Tax and property
There are a variety of taxes and other imposts involved in property development and/or investment. This may include:
- duty and GST on the acquisition of the property;
- land tax whilst holding the property; and
- income tax and GST on the eventual sale of the property.
How you are taxed is an important input into any meaningful feasibility study, as is the timing of these outgoings in order to accurately forecast cashflows and/or debt drawdowns.
Tax issues for property developers
Property developers are generally taxed under the trading stock regime or under ordinary income/revenue rules.
As such, the choice of structure is important, particularly in order to adopt a structure that provides a measure of asset protection and the ability to trap surplus profits not required for personal reasons in a tax-effective manner ready for re-deployment into the next project.

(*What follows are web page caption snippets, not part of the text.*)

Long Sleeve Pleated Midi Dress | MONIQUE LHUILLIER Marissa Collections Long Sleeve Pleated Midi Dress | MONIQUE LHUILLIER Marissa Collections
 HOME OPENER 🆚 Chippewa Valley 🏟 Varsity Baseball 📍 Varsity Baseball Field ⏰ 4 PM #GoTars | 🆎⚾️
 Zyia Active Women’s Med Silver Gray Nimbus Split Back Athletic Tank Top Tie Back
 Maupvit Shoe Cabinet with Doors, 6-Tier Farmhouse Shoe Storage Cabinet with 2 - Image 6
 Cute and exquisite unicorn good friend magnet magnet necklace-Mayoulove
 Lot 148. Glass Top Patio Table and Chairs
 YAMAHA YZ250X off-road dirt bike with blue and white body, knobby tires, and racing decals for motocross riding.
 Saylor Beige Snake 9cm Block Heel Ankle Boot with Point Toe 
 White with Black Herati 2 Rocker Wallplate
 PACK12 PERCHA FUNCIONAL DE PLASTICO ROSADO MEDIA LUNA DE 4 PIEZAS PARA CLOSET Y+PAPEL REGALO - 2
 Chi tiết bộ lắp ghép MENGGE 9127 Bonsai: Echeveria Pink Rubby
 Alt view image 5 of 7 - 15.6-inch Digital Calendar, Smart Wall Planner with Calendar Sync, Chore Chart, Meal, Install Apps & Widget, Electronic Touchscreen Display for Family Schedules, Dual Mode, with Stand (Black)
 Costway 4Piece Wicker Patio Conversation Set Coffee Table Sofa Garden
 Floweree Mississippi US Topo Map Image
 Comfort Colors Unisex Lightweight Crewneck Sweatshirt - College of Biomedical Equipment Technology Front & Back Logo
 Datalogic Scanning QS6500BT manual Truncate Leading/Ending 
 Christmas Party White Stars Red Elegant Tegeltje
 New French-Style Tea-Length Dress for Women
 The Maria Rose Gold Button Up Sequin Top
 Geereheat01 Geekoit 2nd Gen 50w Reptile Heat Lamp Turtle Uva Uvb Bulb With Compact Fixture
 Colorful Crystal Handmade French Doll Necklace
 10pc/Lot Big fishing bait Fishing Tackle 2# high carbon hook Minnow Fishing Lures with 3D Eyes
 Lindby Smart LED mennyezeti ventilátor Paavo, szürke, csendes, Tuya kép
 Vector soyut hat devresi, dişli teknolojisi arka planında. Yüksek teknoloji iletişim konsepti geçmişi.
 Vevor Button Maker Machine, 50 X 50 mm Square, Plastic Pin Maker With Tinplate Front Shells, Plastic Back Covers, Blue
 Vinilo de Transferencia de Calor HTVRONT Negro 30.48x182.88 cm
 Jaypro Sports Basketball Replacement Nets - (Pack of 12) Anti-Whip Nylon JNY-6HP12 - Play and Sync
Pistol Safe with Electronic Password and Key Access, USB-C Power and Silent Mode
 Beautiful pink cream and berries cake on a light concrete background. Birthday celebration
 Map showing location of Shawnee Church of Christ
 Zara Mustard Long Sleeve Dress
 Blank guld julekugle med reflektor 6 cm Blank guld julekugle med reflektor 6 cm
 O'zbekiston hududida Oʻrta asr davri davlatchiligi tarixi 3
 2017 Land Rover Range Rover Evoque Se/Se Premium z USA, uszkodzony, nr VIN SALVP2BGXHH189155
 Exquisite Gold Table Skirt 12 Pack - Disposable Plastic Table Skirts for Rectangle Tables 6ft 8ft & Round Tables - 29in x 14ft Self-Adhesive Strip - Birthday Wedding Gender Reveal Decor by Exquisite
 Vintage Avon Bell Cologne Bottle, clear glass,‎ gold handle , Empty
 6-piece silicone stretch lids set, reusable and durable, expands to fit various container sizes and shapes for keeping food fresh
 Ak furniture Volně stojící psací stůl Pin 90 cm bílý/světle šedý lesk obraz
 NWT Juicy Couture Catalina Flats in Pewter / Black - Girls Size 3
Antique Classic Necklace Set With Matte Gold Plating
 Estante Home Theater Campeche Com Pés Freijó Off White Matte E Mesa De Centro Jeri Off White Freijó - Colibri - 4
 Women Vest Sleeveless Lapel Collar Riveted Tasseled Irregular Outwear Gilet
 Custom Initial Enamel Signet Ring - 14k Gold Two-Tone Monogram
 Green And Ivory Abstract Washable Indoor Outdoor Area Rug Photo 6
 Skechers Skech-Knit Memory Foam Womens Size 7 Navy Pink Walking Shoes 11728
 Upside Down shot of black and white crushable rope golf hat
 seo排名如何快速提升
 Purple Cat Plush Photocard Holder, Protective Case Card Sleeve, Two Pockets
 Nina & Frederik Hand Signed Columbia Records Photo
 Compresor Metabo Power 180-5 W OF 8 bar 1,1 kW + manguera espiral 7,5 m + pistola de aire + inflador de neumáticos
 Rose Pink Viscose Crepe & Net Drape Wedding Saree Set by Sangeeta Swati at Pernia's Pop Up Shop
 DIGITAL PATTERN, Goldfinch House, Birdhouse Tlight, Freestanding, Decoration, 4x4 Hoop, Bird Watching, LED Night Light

Tax issues for property investors
With property investors, the choice of structure is equally important as the financial feasibility, for example, given Australia’s house prices and rental yields, many investment properties are negatively geared, however, notwithstanding the asset protection and distribution flexibility of a discretionary trust:
- any losses are trapped in the trust and cannot be distributed out to the beneficiaries to offset their income from other sources (although they may be carried forward subject to loss testing rules);
- in NSW, they are not eligible for the land tax-free threshold (meaning that they pay land tax from the first $1) which can increase the negative gearing losses which has to be funded from other sources.
Understanding these structuring issues, the tax and duty issues unique to each and how they impact you in your particular circumstances is the key to identifying which one suits you and why.”